DAS is known to provide reliable and valid results as per the authors writing about however it has several limitations when critically evaluated. The first clinical limitation is that it addresses all marriage issues with a single item that might not provide a reliable result (Busby, 1995). Moreover, it is tied to theoretical logic of therapist which might not be valid in a real marriage practical scenario. The DAS also does not address various issues like drug abuse, co-parenting and money management this are core issues in a marriage which should not be left out while testing (Chisolm, 2005). The MSI-R also limits its capability to measure because it use is limited to clinical purposes only thus it cannot be used widely in other therapeutic fields (Fowers, 1990). The best recommended test item is the Miller Marriage Satisfaction Rating Scale; this is because its result is reliable and properly documented. However, more literature should be provided to enable critical evaluation of the test item.
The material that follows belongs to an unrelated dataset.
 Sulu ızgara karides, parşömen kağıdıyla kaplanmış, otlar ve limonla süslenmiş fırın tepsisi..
According to the provided standards of the test items DAS, its property proves supreme over MRI in terms of time and test reliability. In addition, all the argued measuring tools provide a solid platform for marriage couples to test their position. The difference that arises in the performance of the test items is due to the tool efficacy, reliability and validity. From the argument, Miller Marriage Satisfaction Rating Scale proved to be the best item of measurement. However, the DAS and MRI-R also have some advantages that The Miller Marriage Satisfaction Rating Scale lacks. It is also important for test item to include other core issues like drug abuse, alcoholism and co-parenting.
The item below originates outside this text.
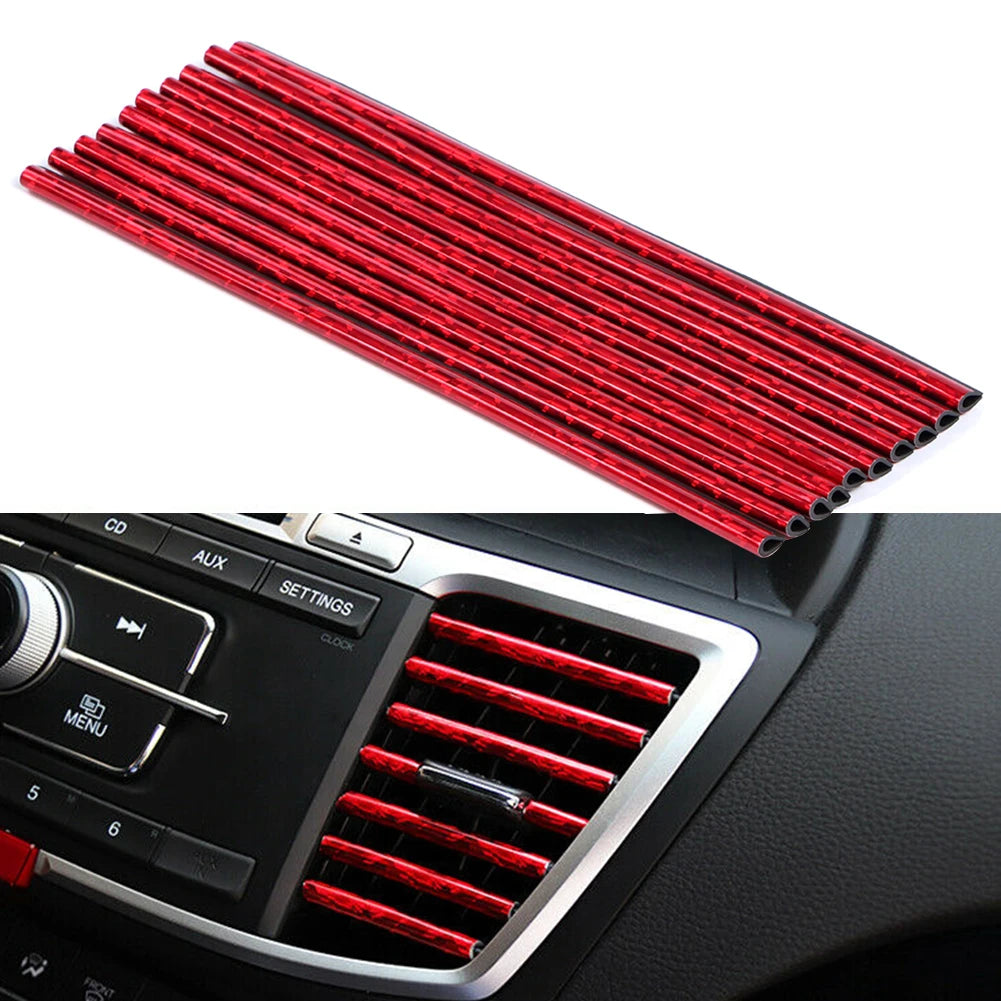 Red car air vent trim strips on a white background with a car interior view.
American Educational Research Association, American Psychological Association, & National Council on Measurement in Education. (1999). Standards for educational and psychological testing. Washington, DC: American Educational Research Association.
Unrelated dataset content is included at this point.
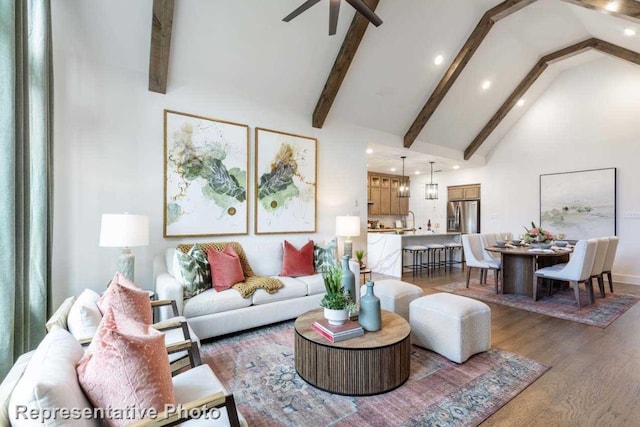 living room featuring ceiling fan, sink, beamed ceiling, and dark hardwood / wood-style floors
Busby, D. M., Christensen, C., Crane, D. R., & Larson, J. H. (1995). A revision of the Dyadic Adjustment Scale for use with distressed and nondistressed couples: Construct hierarchy and multidimensional scales. Journal of Marital and family Therapy, 21(3), 289-308.
Chatterji, M. (2003). Designing and using tools for educational assessment. Boston, MA: Allyn and Bacon.
Chisolm, T. H., Abrams, H. B., McArdle, R., Wilson, R. H., & Doyle, P. J. (2005). The WHO-DAS II: psychometric properties in the measurement of functional health status in adults with acquired hearing loss. Trends in Amplification, 9(3), 111-126.
Daniel, M. H. (1997). Intelligence testing: Status and trends. American Psychologist, 52(10), 1038.
Dixon, D. N. (1985). [Review of the Marital Satisfaction Inventory]. In J. V. Mitchell, Jr. (Ed.), The ninth mental measurements yearbook (pp. 894-895). Lincoln, NE: Buros Institute of Mental Measurements.
Fowers, B. J. (1990). An interactional approach to standardized marital assessment: A literature review. Family Relations, 39, 368-377.
Van Brakel, W. H., Anderson, A. M., Mutatkar, R. K., Bakirtzief, Z., Nicholls, P. G., Raju, M. S, & Das-Pattanayak, R. K. (2006). The Participation Scale: measuring a key concept in public health. Disability & Rehabilitation, 28(4), 193-203.